In order to run an AML job, we upload a set of files which contain the code we developed in the previous lab, but this time as a standalone file.  We've also added:
* A sepearate Python file for downloading the model and tokenizer files to a fixed location on the GPU machine.  This is to ensure that we only have to download these large files ones.
* A `main` function to the previous code that can optionally receive parameters such as batch size, learning_rate, etc.   

We also require an `environment`, which is just a Docker container with the proper libraries to run the standalone Python file.  This environment can be created in the *Assets -> Environments* tab on the left-hand side of the screen.

When a job is submitted to AML using its SDK AML performs the following steps:
1.  Downloads system containers and the environment container to the cluster machine.  This may take a few minutes when done for the first time on new compute cluster machines.

2.  AML will run the standalone Python file containing the experiment code inside the environment's Docker container, while making sure it has access to an MLFLow server for tracking and all of the files in the directory specified in the command.  

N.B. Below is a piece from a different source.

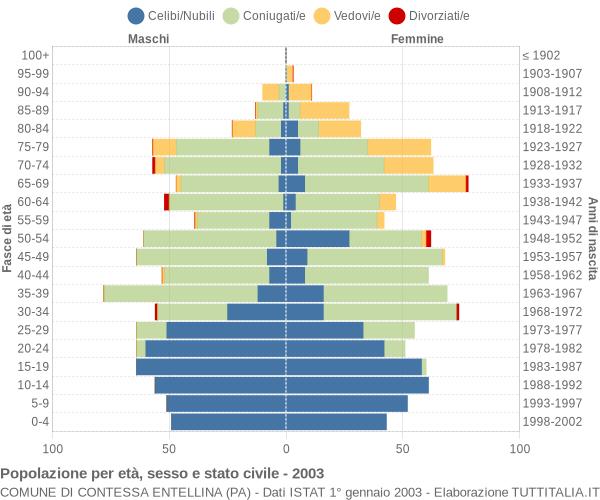 Grafico Popolazione per età, sesso e stato civile Comune di Contessa Entellina (PA)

3.  AML will write the standard output and error streams of the run to `std_log.txt` in the working directory which can be viewed in AML under the `Jobs` tabs and clicking on the experiment name.

4.  Anything written to the `output` directory in the working directory (such as the model file or any other additional files) can be retrieved from the same place.

5.  Finally, all MLFlow metrics can be reviewed in the same place as well.